By Tom Morrow
There’s one Frenchman whose name will live forever in historic revolutionary endeavors – the Marquis de Lafayette.
Gilbert du Motier, Marquis de Lafayette was born Sept. 6, 1757. He was one of the outstanding figures of both American and French revolutions. Here in the U.S., he was known simply as “Lafayette.”
Lafayette was a French aristocrat and military officer who became a close friend of George Washington, Alexander Hamilton, and Thomas Jefferson. He came from a wealthy family; was commissioned an officer at age 13, and was convinced the American revolutionary cause was noble. He travelled to the New World where the Continental Congress made the 19-year-old a major general, though initially he was not given troops to command.
After Lafayette offered to serve without pay, Congress commissioned him a major general. Among Lafayette’s early advocates included Benjamin Franklin, who urged Congress to accommodate the young Frenchman.
Gen. George Washington, commander in chief of the Continental Army, met Lafayette at a dinner in 1777. Washington took Lafayette to his military camp and made the young Frenchman a member of his staff.
Congress regarded Lafayette’s general officer commission as “honorary,” while he considered himself a full-fledged commander. Washington told Lafayette a command because of his foreign birth, but the young French officer distinguished himself battle after battle. Wounded during the Battle of Brandywine, Lafayette still managed to organize an orderly retreat. He served with distinction in the Battle of Rhode Island.
In the middle of the Revolutionary War, Lafayette returned to France to lobby for an increase in French support, which ultimately gave victory to the Americans over the British. He sailed bacl to America in 1780, and was given senior positions in Washington’s Continental Army.
In 1781, American troops under Lafayette’s command blocked British forces until other American and French forces could position themselves for the decisive Siege of Yorktown, Virginia, resulting in Lord Cornwallis’ surrender, which ended the war.
Lafayette returned to France and, in 1787, and was appointed to the Assembly of Notables. He helped write the French Declaration of the Rights of Man and of the Citizen, with the assistance of Thomas Jefferson. He became a member of the Chamber of Deputies, a position he held for the remainder of his life.
After leading the citizens to storm the Bastille (prison) during the French Revolution, Lafayette was appointed commander-in-chief of the French National Guard, and tried to steer a moderate course, but radical factions ordered his arrest and spent more than five years in prison. When Bonaparte Napoleon came to power as Emperor of France, he ordered Lafayette’s release.
On June 22, 1815, four days after the Battle of Waterloo, Napoleon abdicated as French Emperor. Lafayette tried to save him by arranging for Napoleon’s passage to America where the former emperor could live in exile, but the British prevented that from happening.
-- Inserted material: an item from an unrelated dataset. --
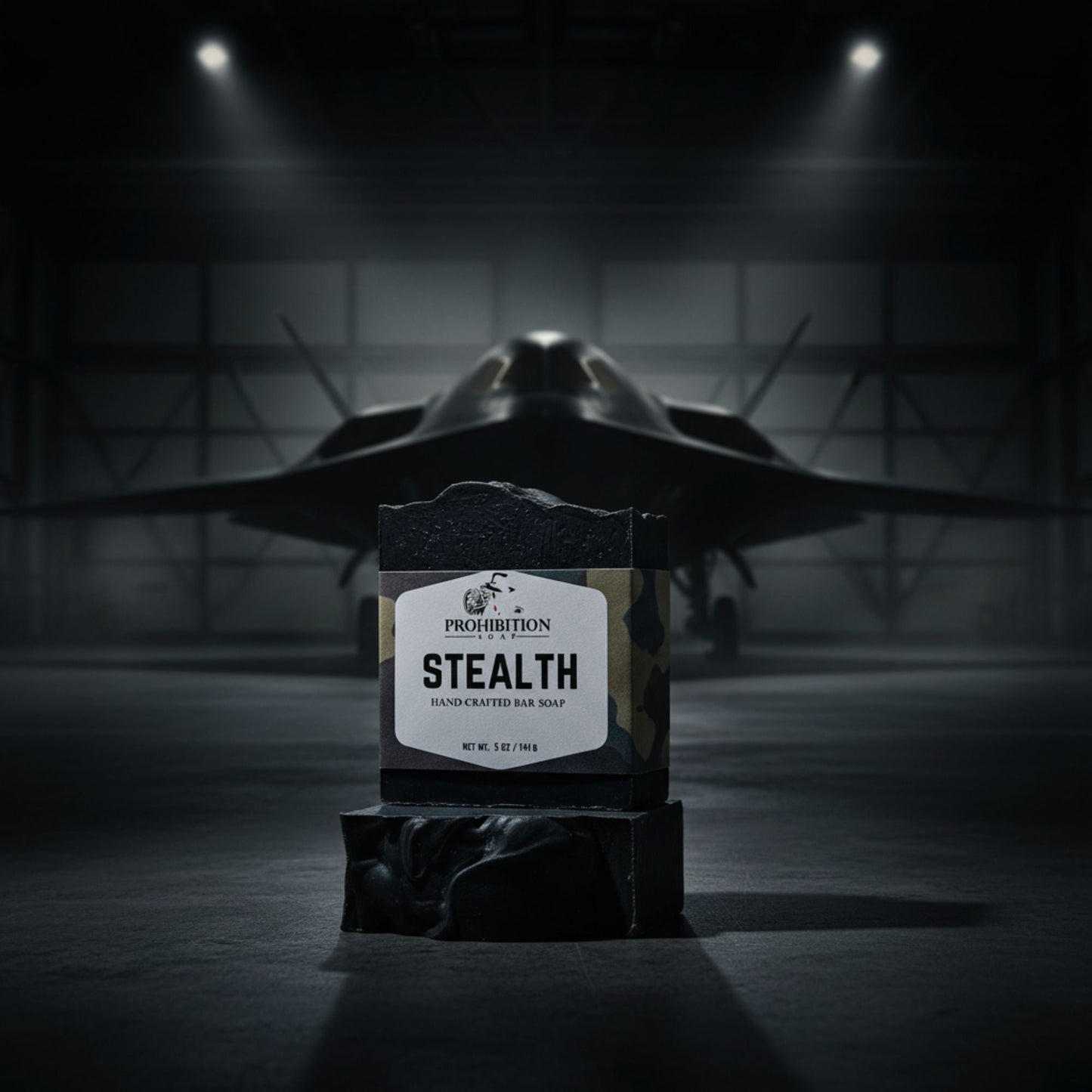 Bar of soap labeled 'Stealth' in front of a fighter jet in a hangar.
The man who nearly conquered all of Europe would be held prisoner by the British on the small island of Saint Helena in the south Atlantic for the rest of his life.
The Marquis deLafayette died on May 20, 1834, at the age of 76. He is buried in Picpus Cemetery in Paris under soil from Boston’s Bunker Hill. For his accomplishments in the service of both France and the United States, he is sometimes known as “The Hero of the Two Worlds.”
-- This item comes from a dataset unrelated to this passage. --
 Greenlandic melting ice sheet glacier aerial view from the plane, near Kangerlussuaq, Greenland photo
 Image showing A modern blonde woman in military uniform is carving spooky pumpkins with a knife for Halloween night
In the United States, President Andrew Jackson ordered that Lafayette receive the same memorial honors bestowed on Washington in 1799. Both Houses of Congress were draped in black bunting for 30 days, and members wore mourning badges. Congress urged Americans to follow similar mourning practices. Later in 1834, former President John Quincy Adams gave a eulogy of Lafayette that lasted three hours, calling him “high on the list of the pure and disinterested benefactors of mankind.”